Kemudian, budak itu menadahkan tangannya ke langit dan berkata,
Wahai Pemilik segala rahasia kini rahasia itu telah tampak
hidup ini tak lagi kuinginkan setelah rahasia itu tersebar.
Lalu
dia berdoa, "Ya Allah, aku memohon kematian kepada-Mu." Budak itu pun
tersungkur dan lalu meninggal. Demikianlah keadaan orang-orang saleh,
serta para pencinta dan pendamba.
Dalam Zahr al-Riyadh
disebutkan bahwa Musa a.s. punya seorang karib yang sangat dekat. Pada
suatu hari, karibnya berkata, "Wahai Musa, berdoalah kepada Allah agar
aku dapat mengenal-Nya dengan makrifat yang sebenar-benarnya."
Musa
a.s. berdoa, dan doanya dikabulkan. Kemudian, karibnya pergi ke puncak
gunung bersama binatang-binatang buas. Musa pun kehilangan dia maka Musa
berdoa, "Wahai Tuhanku, aku kehilangan saudara dan karibku." Tiba-tiba
ada jawaban, "Wahai Musa, orang yang mengenal-Ku dengan makrifat yang
sebenar-benarnya tidak bergaul dengan makhluk untuk selama-lamanya."
Dalam
sebuah hadits disebutkan bahwa Yahya a.s. dan Isa a.s. sedang berjalan
di pasar. Tiba-tiba seorang perempuan menabrak mereka. Yahya a.s.

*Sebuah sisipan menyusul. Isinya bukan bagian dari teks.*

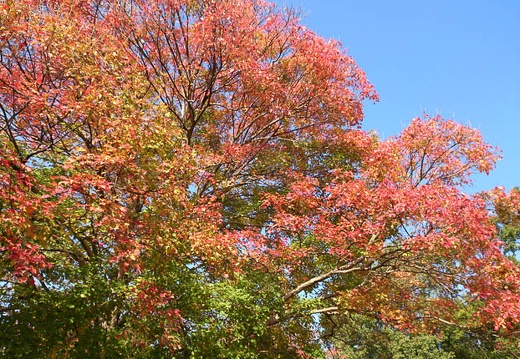 20121112111523-SO-04D.jpg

berkata, "Demi Allah, aku tidak merasakannya."
Lalu Isa a.s.
bertanya, "Mahasuci Allah, badanmu ada bersamaku. tetapi kalbumu ada di
mana!" Yahya a.s. menjawab, "Wahai anak bibiku, kalau kalbu merasa
tenteram kepada selain Allah sekejap mata pun, niscaya engkau mengira
aku tidak mengenal Allah."
Seorang ulama berkata, "Makrifat yang
benar adalah menceraikan dunia dan akhirat, dan menyendiri untuk Maula.
Dia mabuk karena tegukan mahabbah. Karena itu, dia tidak sadar kecuali ketika melihat Allah. Dia berada di atas cahaya dari Tuhannya."